• Instructions to follow: Using the records below, write out again exactly the lines that begin at the line containing "Iced out gold" and end at the line containing "Dark Brown Acne", and no other lines.

*** Record extracts

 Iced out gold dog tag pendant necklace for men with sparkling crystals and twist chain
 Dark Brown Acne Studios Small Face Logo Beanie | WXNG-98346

******
*** Record extracts

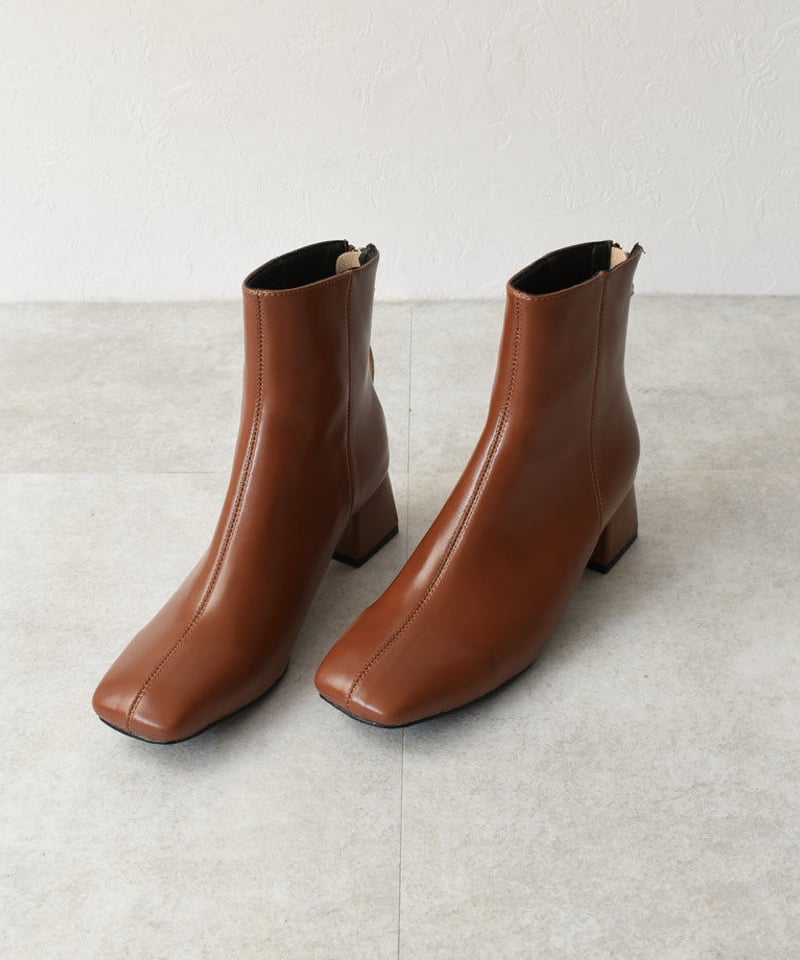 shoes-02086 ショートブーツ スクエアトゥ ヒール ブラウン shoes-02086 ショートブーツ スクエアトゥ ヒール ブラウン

******

• Response area:
 Iced out gold dog tag pendant necklace for men with sparkling crystals and twist chain
 Dark Brown Acne Studios Small Face Logo Beanie | WXNG-98346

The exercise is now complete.